*Saved data entries*.
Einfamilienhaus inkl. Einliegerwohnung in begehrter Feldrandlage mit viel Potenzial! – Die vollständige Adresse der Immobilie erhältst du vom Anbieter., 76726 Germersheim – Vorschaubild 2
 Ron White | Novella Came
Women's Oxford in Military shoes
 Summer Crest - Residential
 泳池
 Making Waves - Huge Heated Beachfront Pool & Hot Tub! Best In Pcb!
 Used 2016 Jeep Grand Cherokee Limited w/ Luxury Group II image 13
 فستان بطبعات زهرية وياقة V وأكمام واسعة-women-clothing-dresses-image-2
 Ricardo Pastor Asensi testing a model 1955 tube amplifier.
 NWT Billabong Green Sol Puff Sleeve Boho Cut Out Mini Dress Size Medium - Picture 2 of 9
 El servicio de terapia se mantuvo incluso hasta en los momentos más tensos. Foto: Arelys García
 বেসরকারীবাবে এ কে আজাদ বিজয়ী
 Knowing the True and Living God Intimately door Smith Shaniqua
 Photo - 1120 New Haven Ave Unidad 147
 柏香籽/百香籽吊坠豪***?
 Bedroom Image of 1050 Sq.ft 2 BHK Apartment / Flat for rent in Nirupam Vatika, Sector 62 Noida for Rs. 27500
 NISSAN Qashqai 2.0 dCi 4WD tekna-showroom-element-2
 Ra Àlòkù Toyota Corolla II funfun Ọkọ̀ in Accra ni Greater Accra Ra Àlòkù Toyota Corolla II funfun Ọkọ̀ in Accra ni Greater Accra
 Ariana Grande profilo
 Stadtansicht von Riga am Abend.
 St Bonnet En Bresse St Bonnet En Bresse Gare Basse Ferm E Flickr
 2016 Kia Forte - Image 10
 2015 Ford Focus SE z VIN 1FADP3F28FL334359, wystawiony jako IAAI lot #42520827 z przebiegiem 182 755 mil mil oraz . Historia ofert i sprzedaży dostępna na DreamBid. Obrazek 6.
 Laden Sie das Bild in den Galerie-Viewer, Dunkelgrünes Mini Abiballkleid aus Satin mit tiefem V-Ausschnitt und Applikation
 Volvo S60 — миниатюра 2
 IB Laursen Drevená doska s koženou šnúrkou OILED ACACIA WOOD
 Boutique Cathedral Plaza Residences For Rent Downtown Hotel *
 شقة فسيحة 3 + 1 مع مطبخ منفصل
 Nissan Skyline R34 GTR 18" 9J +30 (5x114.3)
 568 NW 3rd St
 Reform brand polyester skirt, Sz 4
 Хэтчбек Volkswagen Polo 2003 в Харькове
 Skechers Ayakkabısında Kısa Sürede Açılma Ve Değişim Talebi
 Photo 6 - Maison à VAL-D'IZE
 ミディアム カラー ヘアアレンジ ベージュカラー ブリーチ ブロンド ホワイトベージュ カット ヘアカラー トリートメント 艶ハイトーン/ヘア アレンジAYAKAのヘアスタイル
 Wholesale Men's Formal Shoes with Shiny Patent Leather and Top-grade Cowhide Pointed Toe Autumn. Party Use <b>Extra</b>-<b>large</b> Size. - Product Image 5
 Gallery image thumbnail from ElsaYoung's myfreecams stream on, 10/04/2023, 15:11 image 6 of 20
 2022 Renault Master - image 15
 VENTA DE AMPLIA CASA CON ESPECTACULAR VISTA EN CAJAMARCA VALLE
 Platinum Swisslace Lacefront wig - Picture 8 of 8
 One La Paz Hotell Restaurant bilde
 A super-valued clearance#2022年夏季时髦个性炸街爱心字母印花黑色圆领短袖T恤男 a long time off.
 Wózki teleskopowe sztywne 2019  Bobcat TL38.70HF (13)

*Required work*. Going through the entries above, count the lines that include "Size" and state only the result.

*Answer section*. 2